## Your instructions
Could you return the full listing below exactly as it appears?

## Records provided
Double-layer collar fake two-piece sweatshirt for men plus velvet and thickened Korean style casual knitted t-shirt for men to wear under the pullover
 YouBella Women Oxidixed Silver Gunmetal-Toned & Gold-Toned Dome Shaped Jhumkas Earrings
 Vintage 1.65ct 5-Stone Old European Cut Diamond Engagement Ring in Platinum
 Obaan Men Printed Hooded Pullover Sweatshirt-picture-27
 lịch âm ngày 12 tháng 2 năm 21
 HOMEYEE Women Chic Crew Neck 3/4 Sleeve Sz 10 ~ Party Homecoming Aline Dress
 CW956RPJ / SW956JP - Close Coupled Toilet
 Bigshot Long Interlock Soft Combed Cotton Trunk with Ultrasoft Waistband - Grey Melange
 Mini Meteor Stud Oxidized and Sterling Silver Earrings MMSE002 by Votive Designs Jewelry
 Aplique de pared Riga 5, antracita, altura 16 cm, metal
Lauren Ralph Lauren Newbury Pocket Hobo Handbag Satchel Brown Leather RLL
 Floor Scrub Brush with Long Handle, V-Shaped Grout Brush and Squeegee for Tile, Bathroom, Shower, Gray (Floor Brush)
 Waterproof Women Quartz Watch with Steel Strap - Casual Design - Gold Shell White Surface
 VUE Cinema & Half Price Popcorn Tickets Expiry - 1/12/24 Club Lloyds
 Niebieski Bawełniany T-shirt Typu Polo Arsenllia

## Reply
Double-layer collar fake two-piece sweatshirt for men plus velvet and thickened Korean style casual knitted t-shirt for men to wear under the pullover
 YouBella Women Oxidixed Silver Gunmetal-Toned & Gold-Toned Dome Shaped Jhumkas Earrings
 Vintage 1.65ct 5-Stone Old European Cut Diamond Engagement Ring in Platinum
 Obaan Men Printed Hooded Pullover Sweatshirt-picture-27
 lịch âm ngày 12 tháng 2 năm 21
 HOMEYEE Women Chic Crew Neck 3/4 Sleeve Sz 10 ~ Party Homecoming Aline Dress
 CW956RPJ / SW956JP - Close Coupled Toilet
 Bigshot Long Interlock Soft Combed Cotton Trunk with Ultrasoft Waistband - Grey Melange
 Mini Meteor Stud Oxidized and Sterling Silver Earrings MMSE002 by Votive Designs Jewelry
 Aplique de pared Riga 5, antracita, altura 16 cm, metal
Lauren Ralph Lauren Newbury Pocket Hobo Handbag Satchel Brown Leather RLL
 Floor Scrub Brush with Long Handle, V-Shaped Grout Brush and Squeegee for Tile, Bathroom, Shower, Gray (Floor Brush)
 Waterproof Women Quartz Watch with Steel Strap - Casual Design - Gold Shell White Surface
 VUE Cinema & Half Price Popcorn Tickets Expiry - 1/12/24 Club Lloyds
 Niebieski Bawełniany T-shirt Typu Polo Arsenllia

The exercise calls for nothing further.